Pourquoi les plans canicule vieillissent mal


Publié le

Les plans canicule mis en place par les collectivités romandes sont-ils viables dans le futur ? Non, répond en substance notre chercheuse de la HETSL et sociologue des médias et du vieillissement Fabienne Malbois, qui vient de publier une enquête préliminaire ou “working paper” (PDF) sur la question du point de vue social.

©HETSL

©HETSL

Vous avez analysé les articles du journal “Le Temps” traitant de la canicule depuis 2003. Qu’observe-t-on en 20 ans ?

La perception de ces chaleurs extrêmes a changé. Si la grosse canicule de 2003 a été traitée dans les médias comme un phénomène météorologique extrême ponctuel, il en va différemment pour les canicules suivantes.
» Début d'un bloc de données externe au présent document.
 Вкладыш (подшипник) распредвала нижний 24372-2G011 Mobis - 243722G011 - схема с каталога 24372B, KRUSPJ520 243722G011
Dès 2015, la responsabilité de l’activité humaine (via les émissions de CO2) sur le réchauffement climatique est prise en compte et, depuis une dizaine d’années, les journalistes évoquent la nature comme personnage de premier plan de notre environnement en pleine transformation, là où elle n’était jusqu’alors que le paysage immobile de nos activités (par exemple, l’été 2015 est, selon le titre d’un article, celui où « les Alpes ont fondu ») .

« Les canicules vont continuer à poser un important problème de santé publique. »
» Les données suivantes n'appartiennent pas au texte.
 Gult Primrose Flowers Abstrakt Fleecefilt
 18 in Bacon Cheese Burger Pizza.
Quel est le problème des plans canicule actuels ?

Ces derniers ont été initialement pensés comme une réponse d’ordre essentiellement sanitaire destinée à prendre place durant une courte période (une fois par an pendant quelques jours au maximum). Il s’agit notamment de rester chez soi au frais le plus possible, de s’hydrater, d’éviter de sortir, et, pour les personnes parmi les plus vulnérables, de figurer sur une liste de personnes bénéficiant d’une visite ou d’un appel téléphonique quotidien. Ces dispositifs d’intervention sont efficaces mais ils sont lourds et mobilisent beaucoup de professionnel·les. L’isolement, en particulier en contexte urbain, étant un facteur de vulnérabilité, on ne saurait donc le conseiller sur des longues périodes. Or, on constate que les épisodes caniculaires ont désormais lieu plusieurs fois par été, sur une période beaucoup plus longue qui peut s’étendre de mai à septembre. Et leur fréquence et leur intensité ne vont aller qu’en augmentant ces prochaines années. Dès lors, inviter des personnes déjà vulnérables à s’isoler chez elles ne pourra qu’altérer leur qualité de vie et aussi leur santé.
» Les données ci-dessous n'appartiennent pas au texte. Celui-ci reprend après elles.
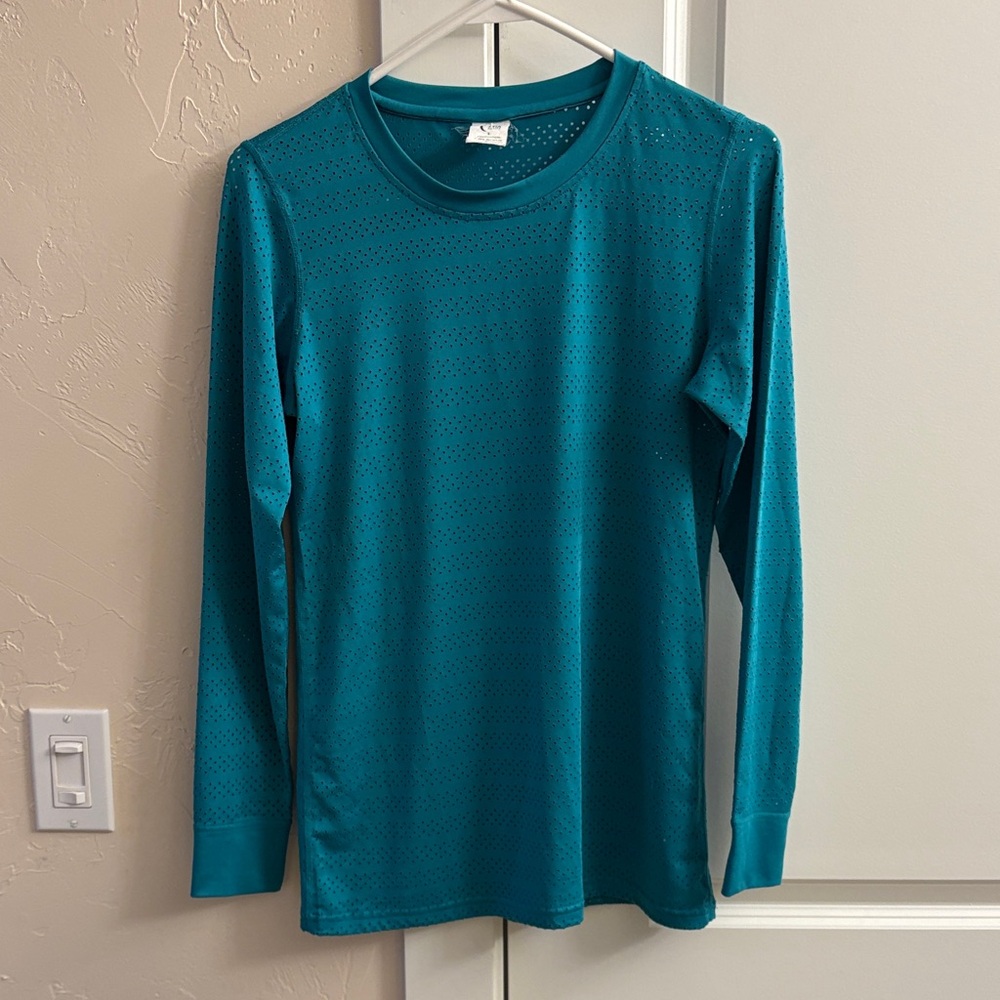 ZYIA Teal Perforated Long Sleeve Top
« L’isolement, facteur de vulnérabilité, ne saurait être recommandé sur des longues périodes. »

Quel est l’enjeu de votre enquête ?

Les canicules vont continuer à poser un important problème de santé publique. Mon enquête met en évidence que l’on gagnerait à imaginer des réponses plus sociales que sanitaires, plus collectives qu’individuelles, et à prendre appui sur les savoirs et les métiers du travail social. Dans les villes, cela passe par exemple par la création de places ou lieux de rencontre ombragés et frais, où l’on peut tisser du lien, renforcer des relations de voisinage avec le vivant (humain et non-humain), et où des professionnel·les peuvent également rencontrer des publics vulnérables et leur donner des conseils pour mieux vivre ces extrêmes chaleurs. Au vu des défis posés par le réchauffement climatique, c’est une question qui se posera forcément aux collectivités publiques, communales et cantonales.